• _EXERCISE_
Please write out the full listing beneath this line exactly, skipping its images.

• _DATA PROVIDED_
□ □ □ □ □ □ □
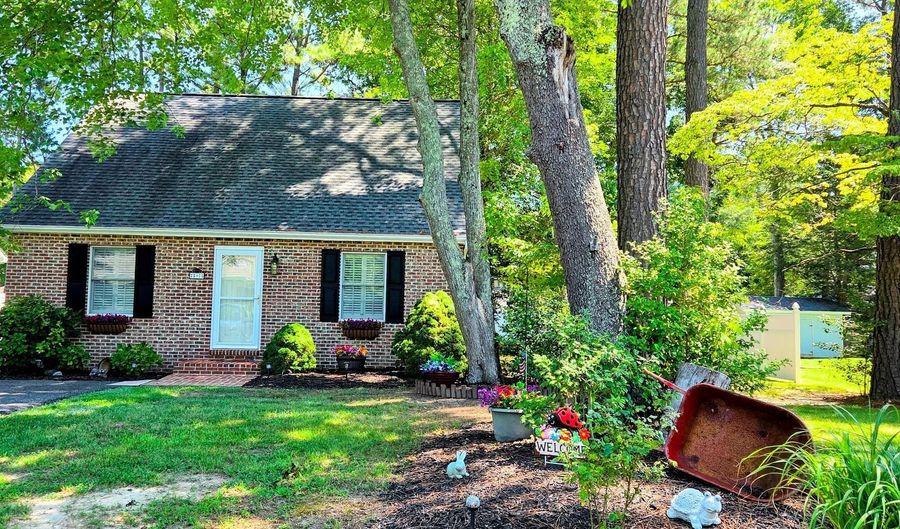 9 CEDARWOOD Dr, Lewes, DE 19958 - 3 Beds, 2 Bath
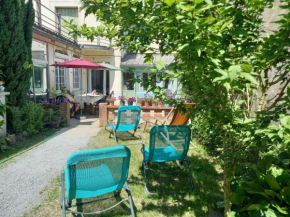 Grande maison familiale avec piscine privée au Sud Berry - FR-1-591-642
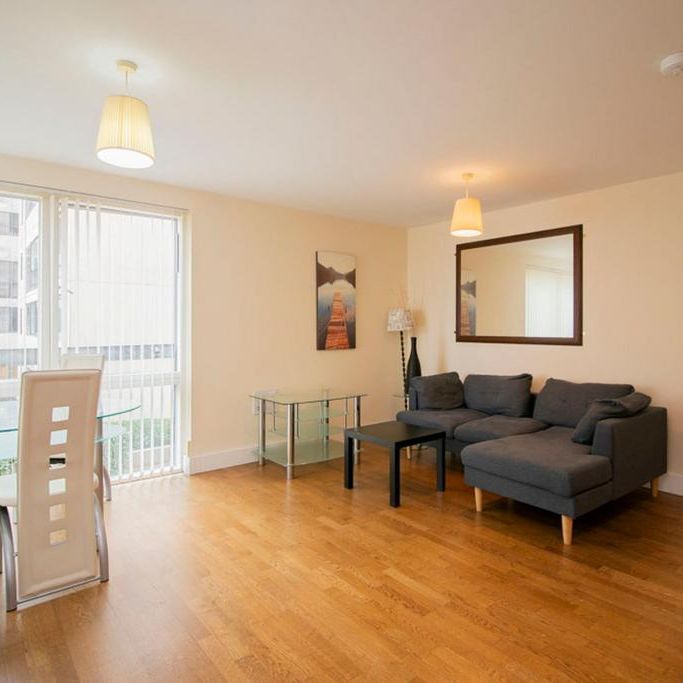 2 bedroom flat to rent - Photo 1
□ □ □ □ □ □ □
• _SOLUTION TO THE EXERCISE_
 9 CEDARWOOD Dr, Lewes, DE 19958 - 3 Beds, 2 Bath
 Grande maison familiale avec piscine privée au Sud Berry - FR-1-591-642
 2 bedroom flat to rent - Photo 1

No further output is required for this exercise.